A few days ago I asked a similar question about Krull dimension and got fantastic answers. Unfortunately, for the application I have in mind (a question on ring spectra), Krull dimension doesn't generalize correctly. One must instead use right global dimension, or just global dimension since my ring object is commutative. Note that this has a similar title, but totally different content from another question (different because my $v$ does not generate a maximal ideal).
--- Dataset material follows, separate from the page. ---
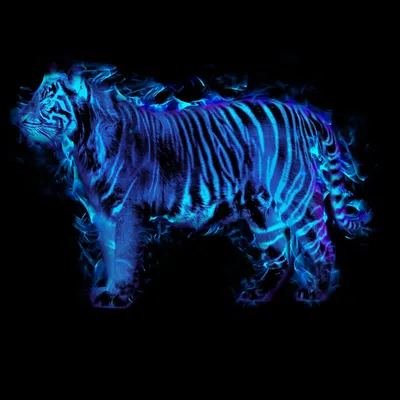 Синий тигр фото фото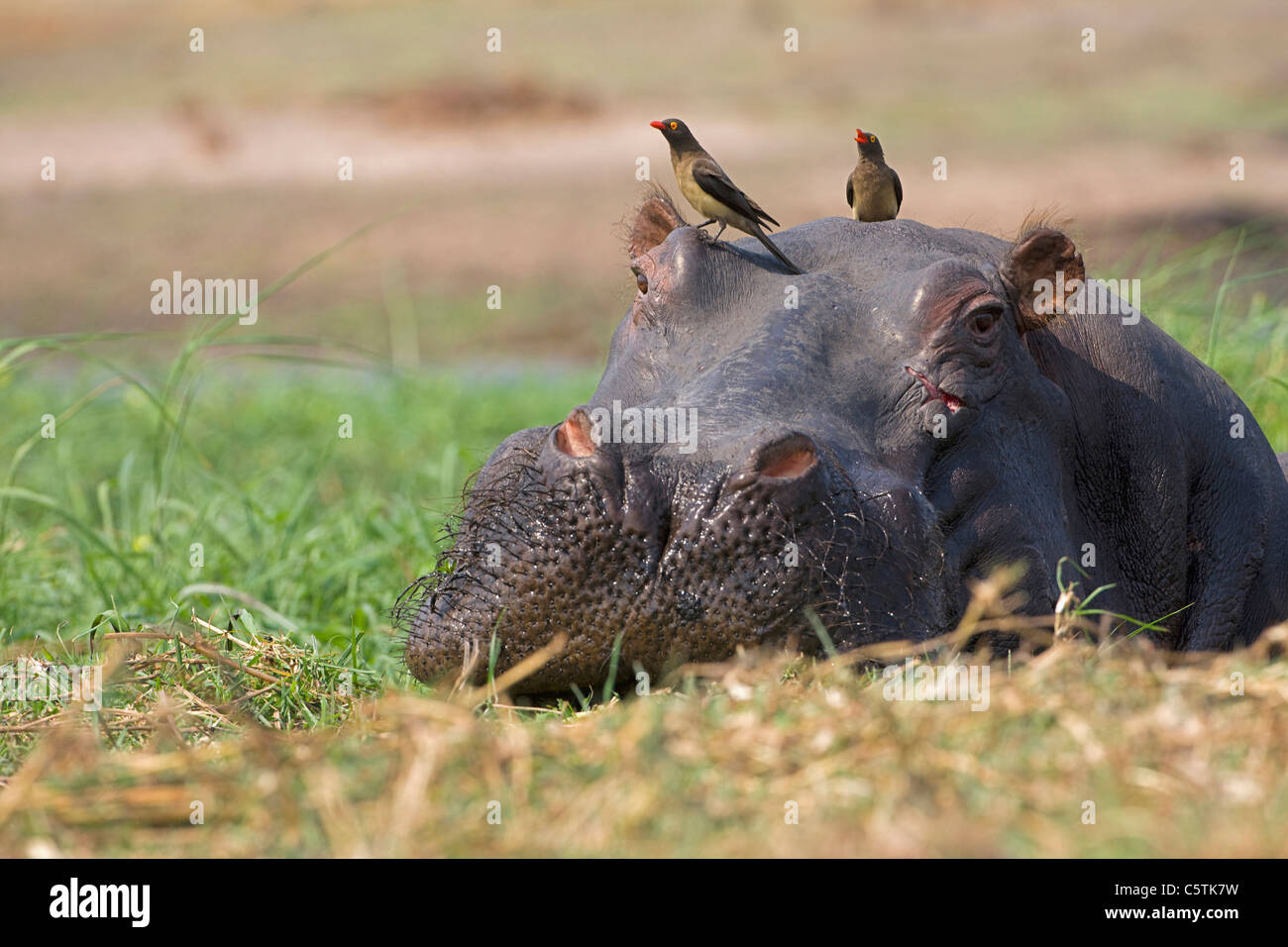 Africa, Botswana, Yellow-billed oxpecker on head of hippopotamus (Hippopotamus amphibius) Stock Photo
I'm looking for a theorem of the form

If R is a nice ring and v is a reasonable element in R then Gl.Dim($R[1/v]$) must be either Gl.Dim($R$) or Gl.Dim($R$)−1.

By "nice ring" I mean $R$ is commutative and is finitely generated over some base ring (e.g. $Z_{(2)}$), but we should not assume it's an integral domain. If necessary we can assume it's Noetherian and local, but I'd rather avoid this. As for $v$, it's a non-zero divisor which is not in the base ring and it has only a few relations with other elements in $R$, none of which are in the base ring. If we can't get the theorem above, perhaps we can figure out something to help me get closer:

Are there any conditions on $v$ such that the dimension would drop by more than 1 after inverting $v$?

Here's what I know (from Weibel and Rotman):

If $f:R \rightarrow S$ is a ring homomorphism and $A$ is a left $S$ module then $pd_R(A)\leq pd_S(A)+pd_R(S)$

If $x$ is a central nonzerodivisor in $R$ and $A$ is a nonzero $R/v$-module with $pd_{R/v}(A)<\infty$ then $pd_R(A)=1+pd_{R/v}(A)$. If $B$ is a nonzero $R$-module then $pd_R(B)\geq pd_{R/v}(B/vB)$

This result gives me some hope because of the short exact sequence $0\rightarrow R\stackrel{\cdot v}{\rightarrow} R \rightarrow R/v \rightarrow 0$, but I don't see an obvious answer coming from this idea alone. One would also need to relate the dimensions of $R/v$ and $v^{-1}R$.

If $A$ is a projective $R$-module then $v^{-1}A$ is a projective $v^{-1}R$ module. According to this paper, injective dimension is not well behaved under localization (but this seems to be because the localization of an injective module need not be injective).